(WORK TASK):
Give back exactly the lines that start at the one containing "FCバルセロナ 2015/16 ホームユニフォーム" and run to the end of the material, leaving out the pictures.

(DATA SUPPLIED):
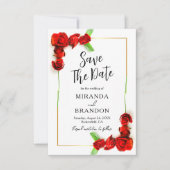 フローラエレガント金ゴールドフレーム赤いバラ日付を保存 招待状 (正面)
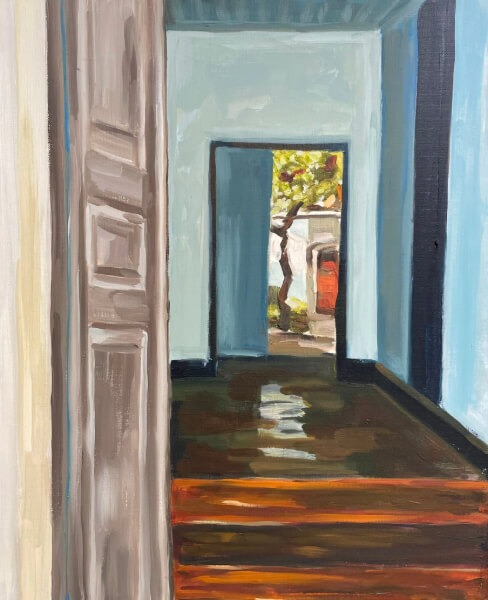 Peinture d'un jardin au fond d'une maison à l'huile par Jean-Marc Wettstein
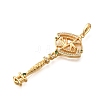 Brass Micro Pave Cubic Zirconia Big Pendants X1-KK-B147-04G-10-2
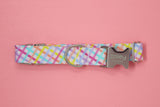 Pink Party Plaid Dog Collar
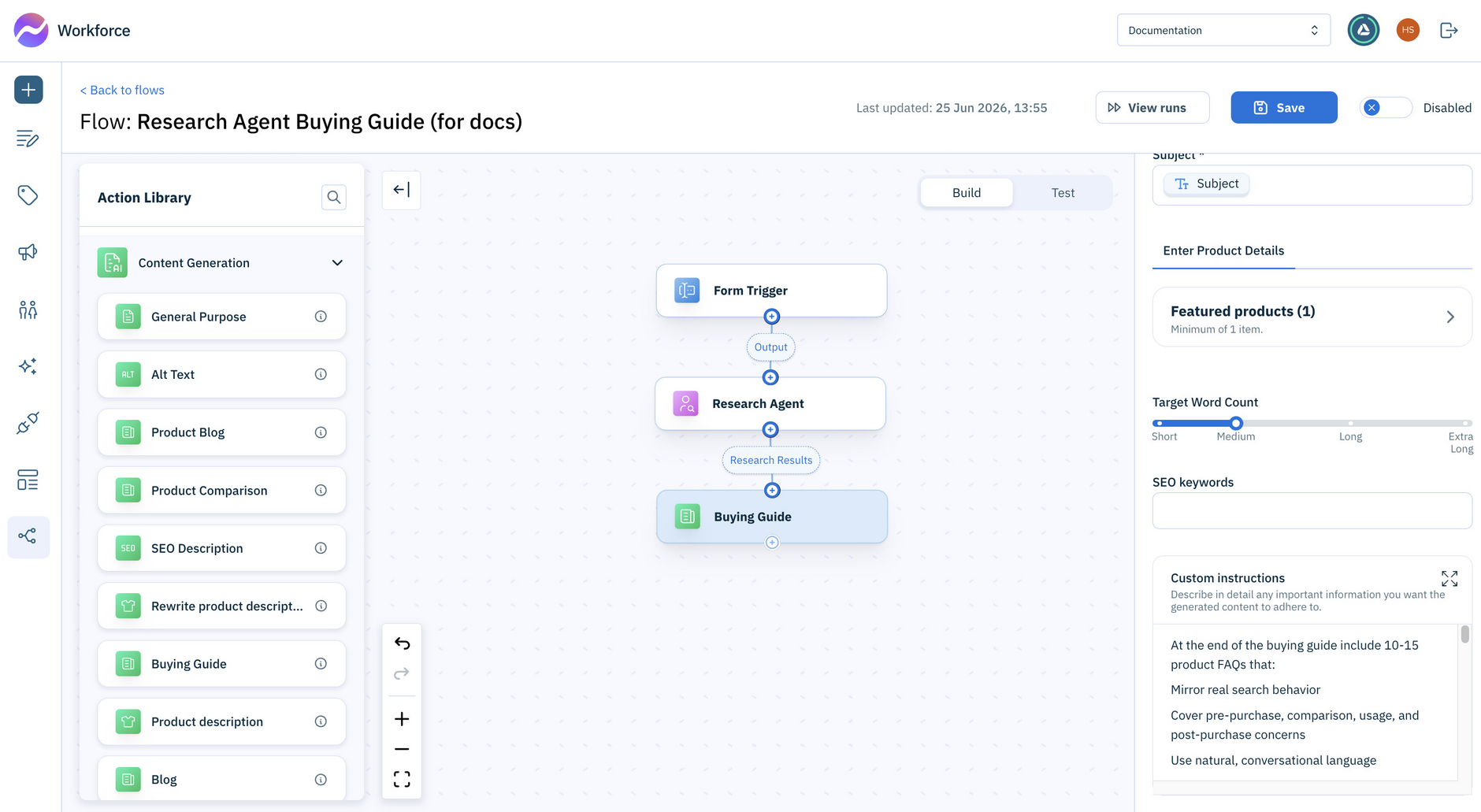 Adding the custom instructions
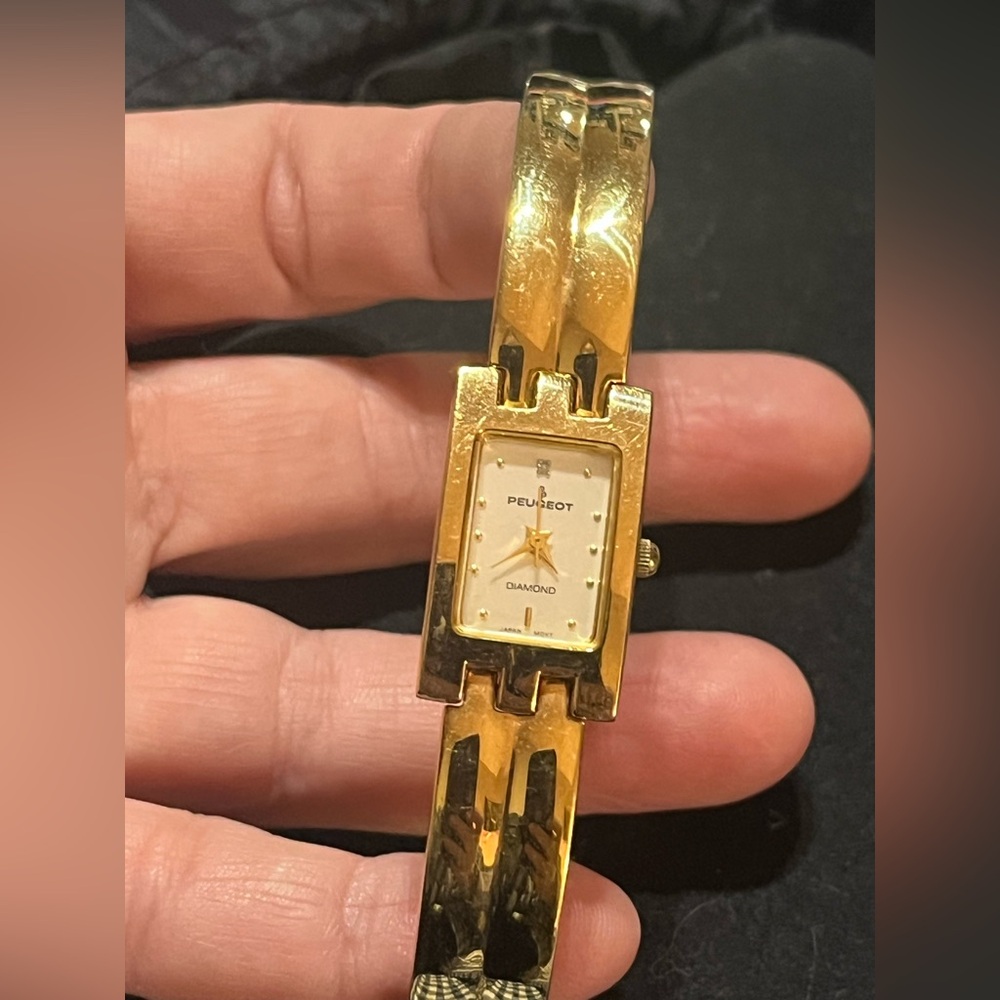 Peugeot Women's Gold-Tone Watch/ Bracelet with Rectangular Diamond Face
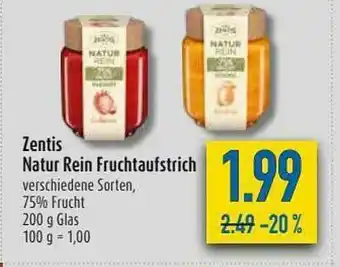 diska Zentis Natur Rein Fruchtaufstrich Angebot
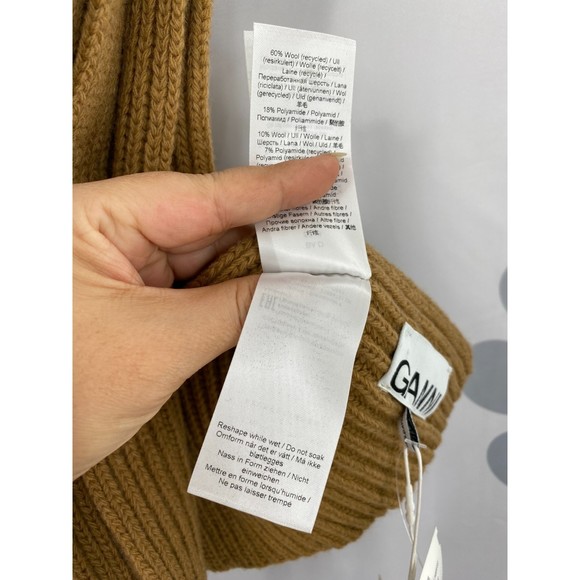 Ganni NWT Rib Knit Scarf Recycled Wool Ribbed Half Size Tan One Size New - Picture 10 of 11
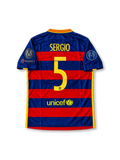 FCバルセロナ 2015/16 ホームユニフォーム ブルーとレッドの横縞 チャンピオンズリーグパッチ付き ブスケツ背番号5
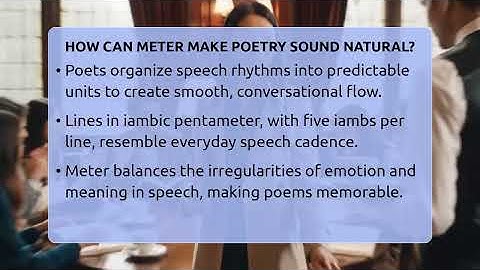 How Can Meter Make Poetry Sound Natural? - The Prose Path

(EXERCISE RESPONSE):
 FCバルセロナ 2015/16 ホームユニフォーム ブルーとレッドの横縞 チャンピオンズリーグパッチ付き ブスケツ背番号5
 How Can Meter Make Poetry Sound Natural? - The Prose Path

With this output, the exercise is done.